In the entries that follow, the lines from the line containing "2018 by Tian Lu." up to and including the line containing "Colorblock Varsity Women's" must be copied exactly, with pictures omitted.
*** RAW DATA ***
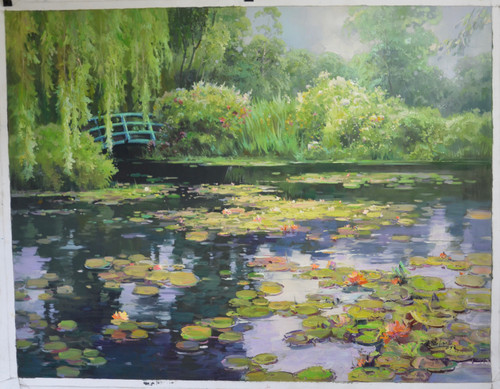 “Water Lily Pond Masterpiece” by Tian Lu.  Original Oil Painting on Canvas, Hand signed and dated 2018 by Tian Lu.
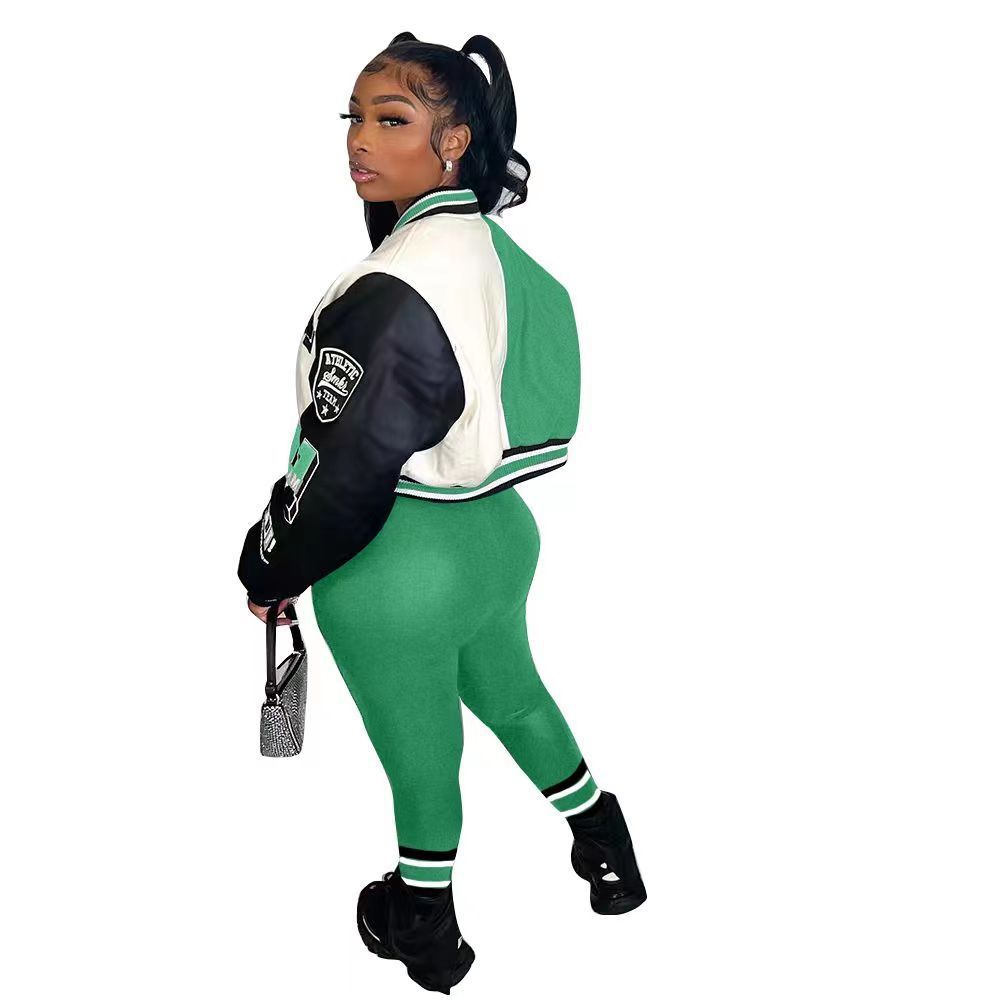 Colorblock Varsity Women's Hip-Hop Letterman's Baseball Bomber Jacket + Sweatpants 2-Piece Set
*** End of RAW DATA ***
*** RAW DATA ***
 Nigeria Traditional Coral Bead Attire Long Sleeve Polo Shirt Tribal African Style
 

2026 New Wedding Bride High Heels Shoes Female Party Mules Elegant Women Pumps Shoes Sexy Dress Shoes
*** End of RAW DATA ***
● **RESULT**:
 “Water Lily Pond Masterpiece” by Tian Lu.  Original Oil Painting on Canvas, Hand signed and dated 2018 by Tian Lu.
 Colorblock Varsity Women's Hip-Hop Letterman's Baseball Bomber Jacket + Sweatpants 2-Piece Set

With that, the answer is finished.